Three years later, on March 28, 1949, “the Commission granted to the School Board an easement of a parcel of land containing approximately 9.396 acres for playground and athletic purposes, said parcel being east of and immediately adjacent to the parcel granted by the Commission to the said village.” This description is in a June 18, 1949, commission document that adjusted the boundaries of the school parcel slightly.
The April 14, 1949, issue of the Freeport Leader announced in a headline, “F.H.S. Gets Field Of Nine Acres For Its Exclusive Use.”
John Gross, counsel for the Freeport Public Schools, said the easement is an enforceable agreement similar to a lease, which owners cannot void at will. Furthermore, Gross said, any conveyance of the school district’s easement to Amazon would require a vote from school district residents.
Colton, however, said the village can revoke the easement because it took ownership of the property from New York City in 1971.
The Long Island State Park Commission was abolished in 1977. Its parks were taken over by the New York State Office of Parks, Recreation and Historic Preservation and its parkways by the New York State Department of Transportation.
Colton said the easement document on which the district relies “was reviewed by our attorneys. . . . [who] said that, no, the document they had is not a legally binding document on the village. The property does belong to the village, free and clear, and if anything there is a license on the property the village can revoke.”
That is, the village takes the position that authority for the easement was transferred to the village along with ownership, so use of the easement is by permission from the village to the school district, and can be revoked by the village.
Both sides cite case law to support their positions, though Gross said that even more important than case law were the many documents of deeds, indentures, and correspondence showing that the easement has remained alive and well throughout the 72 years since it was established.
A property-tax boon?
To explain why the village government might want to sell the Cleveland Avenue parkland to Amazon, Mayor Robert Kennedy has repeatedly stated the new warehouse would create more than 300 jobs, Amazon would turn land that is currently tax-exempt into land that would generate so much money in taxes that it would reduce resident property taxes by 20 percent, and the loss of the dedicated athletic field would be compensated by the renovation of Cow Meadow Park on the village’s southern border.
Cow Meadow Park was owned by Nassau County until two weeks ago, when the New York State Legislature approved transfer of ownership to the Village of Freeport, and Gov. Kathy Hochul signed the transfer into law.
The village plans to overhaul Cow Meadow and allow use of its 30 acres to the school district.
“Three turf fields, basketball courts that they don’t have, we’re giving them. Handball courts, we’re giving them,” Colton said. “We’re going to turn this into a state-of-the-art athletic facility for all residents of the village, all residents of the state, and we’re going to give the district first right of refusal to go onto the property.”

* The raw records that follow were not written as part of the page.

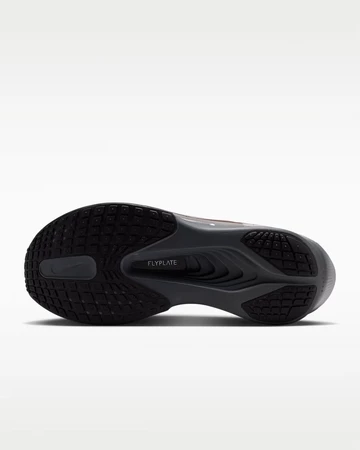 Nike Zoom Fly 6 Black & Bright Crimson Sohle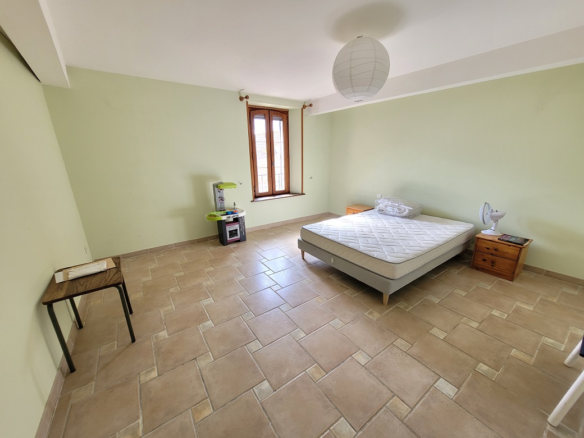 3-bedroom House In Pezenas, France (150 M²)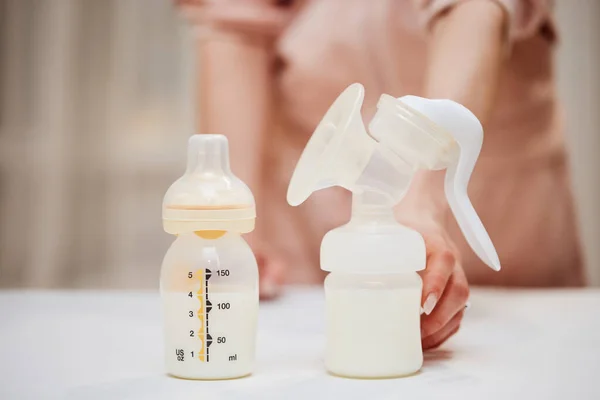 Χειροκίνητη Αντλία Στήθους Και Φιάλη Γάλα Για Μωρό Στο Φόντο — Φωτογραφία Αρχείου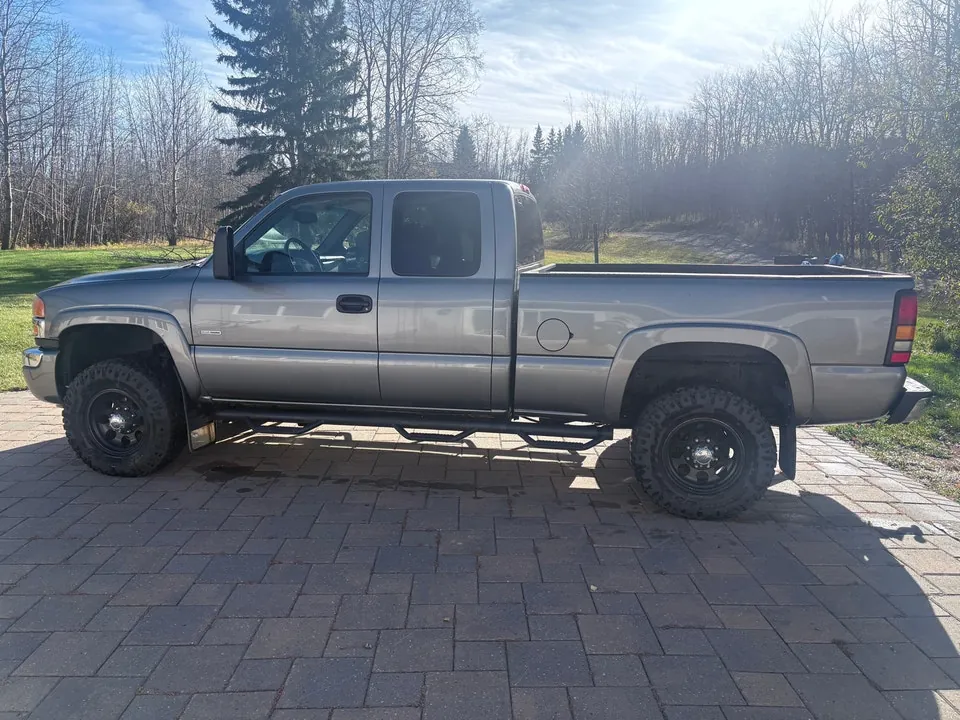 GMC C/K 2500 2006 photo 3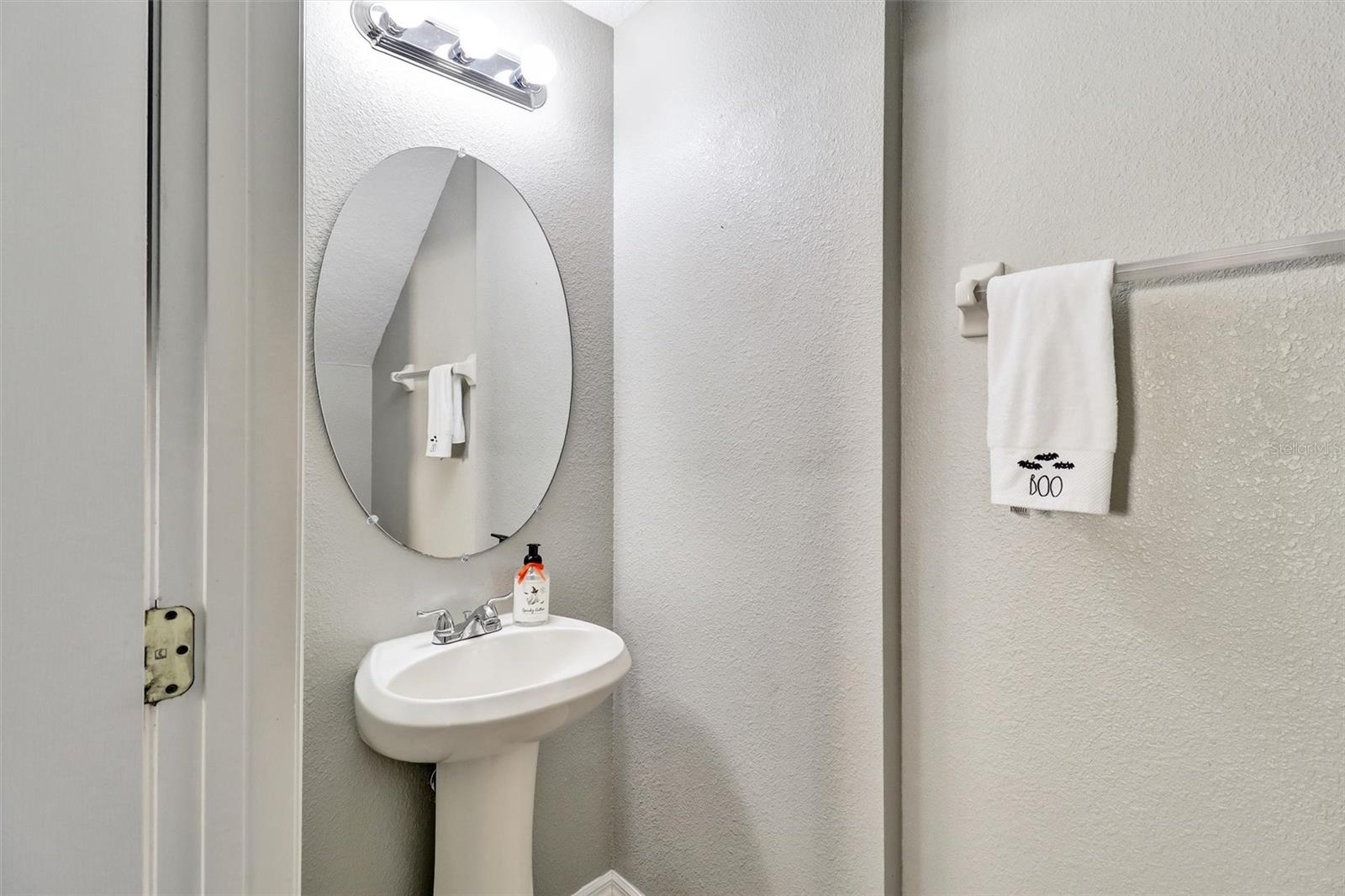 RETREAT AT TWIN LAKES REP - Residential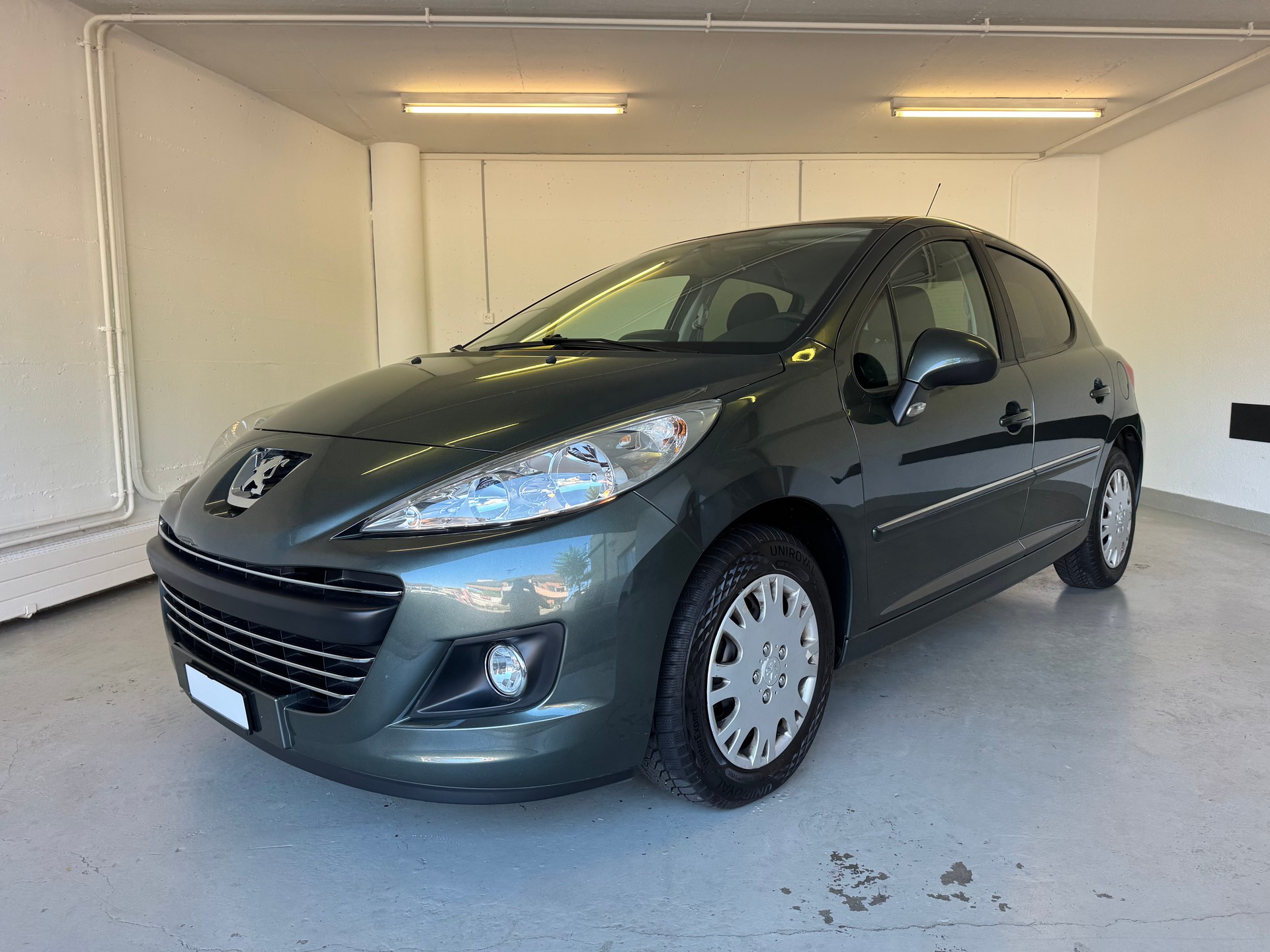 PEUGEOT 207 1.6 16V Sport-image-1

The “right of refusal” does not reassure the school district’s legal counsel. Gross said “first right of refusal” is not legally enforceable, so it is not equal to the current easement.
"It is very troubling that the village has apparently decided to attack the school district's legal rights and jeopardize students' access to athletic facilities simply because they are negotiating a development deal," Gross said.
Gross also said the deal with Amazon has not yet taken place, so any talk of lowering property taxes cannot be verified because there is no deal to be examined.
In early October, the village mounted a $45 million lawsuit against the school district, saying the district was preventing the Amazon deal, causing a loss to the village. But a posting on the district website states that the district has not taken a position regarding development of Cleveland Avenue, and “remains willing to facilitate environmental inspections at the property, provided our interests are protected and the health and safety of our students preserved.”
Both village and district governments encourage inquiries from Freeport residents regarding the dispute. The Freeport Herald will follow the story as it develops.